Google's algorithm has dramatically evolved over the years. In 2013, the Google Hummingbird update transformed Google's ability to provide the most relevant results by interpreting the searcher's intent rather than relying on a specific keyword.

For searchers, this meant Google turned into a knowledge assistant, helping to close knowledge gaps that would have made it difficult for the searcher to find a relevant search result. For example, Google was now able to recognize the intent of a query for "president of Canada" and return information on Canada's prime minister. For SEO's this meant no longer trying to account for every synonym or keyword variation and stuffing them onto a page. It also sparked a call (once again) for focusing on creating high-quality, relevant content. 

While creating quality content is the goal, understanding how Google identifies quality content is crucial to staying competitive as Google's SERPs continue to evolve. Tying together synonyms and similar phrases were the beginning of a smarter Google algorithm, but now Google can tie together related concepts to understand which content provides the greatest breadth and calculate how often those concepts appear on a page to identify which piece provides the most significant depth. This in-depth content analysis is called term frequency-inverse document frequency (TF-IDF) analysis.

What is TF-IDF?

TF-IDF is Google's way of determining the quality of a piece of content based on an established expectation of what an in-depth piece of content contains.

(TF-IDF) measures the importance of a keyword phrase by comparing it to the frequency of the term in a large set of documents.

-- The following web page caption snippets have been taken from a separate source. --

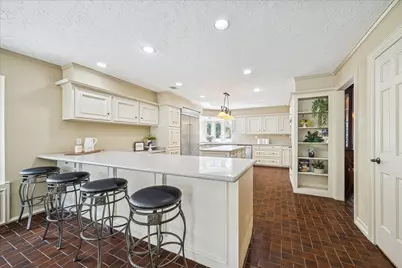 3014 Hampton Drive, Missouri City, TX 77459 - Photo 9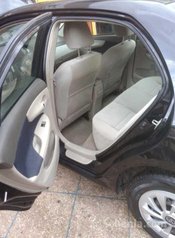 TOYOTA Corolla millenium Diesel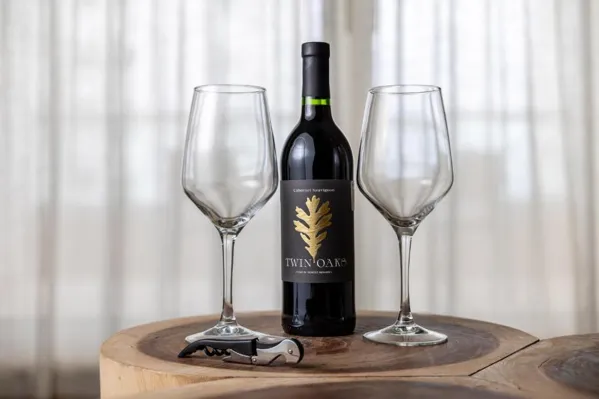 Sun Palace – All Inclusive Adults Only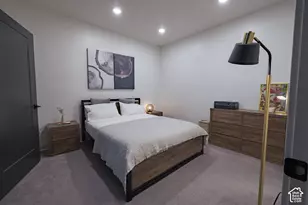933 S Washington St #307 S, Salt Lake City, UT 84101 - Photo 13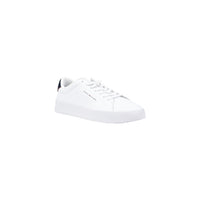 Tommy Hilfiger Herren Sneaker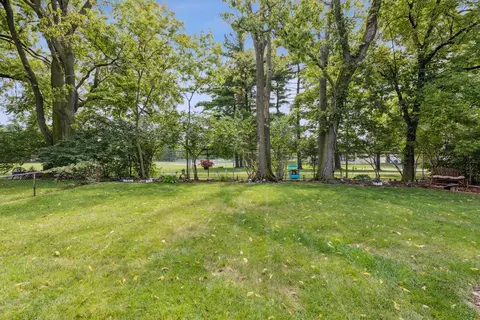 277 Nelson, Cincinnati, OH 45246 photo 31
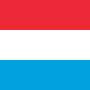 120px-200-flag_of_luxembourg.svg.png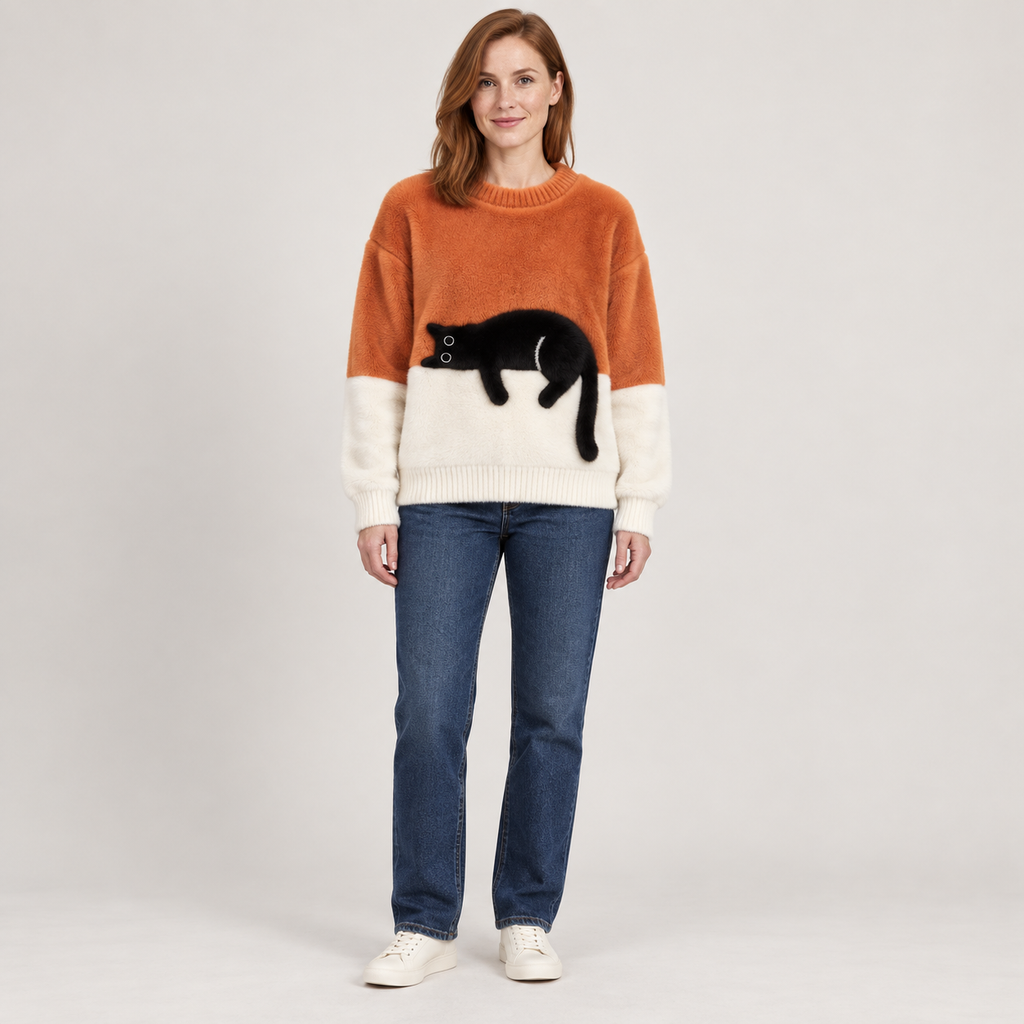 codex-lot10::orange::01-front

— Cyrus Shepherd- More than Keywords: 7 Concepts of Advanced On-Page SEO

In a previous article about TF-IDF, A.J. Ghergich tells us "The overall goal of TF-IDF is to statistically measure how important a word is in a collection of documents". 

For example, if you are a small business owner wanting to learn how to use SEO to drive more traffic to your website, there are several topics that a complete SEO guide would cover including:

  • Keyword Research
  • Meta Data
  • Site Audit
  • Crawl-ability
  • Google Bots

Other topics that would also be relevant but would likely appear less frequently than those on the list above include:

  • Moz
  • Ahrefs
  • SEMrush
  • Panda Update
  • H1 Tag

When evaluating a piece of content, the Google algorithm would calculate how often each of the above terms appears on all of the content currently associated with "SEO guide" in comparison to all of the other terms. This data is then used as a baseline "score" that any one piece of content can be scored against. 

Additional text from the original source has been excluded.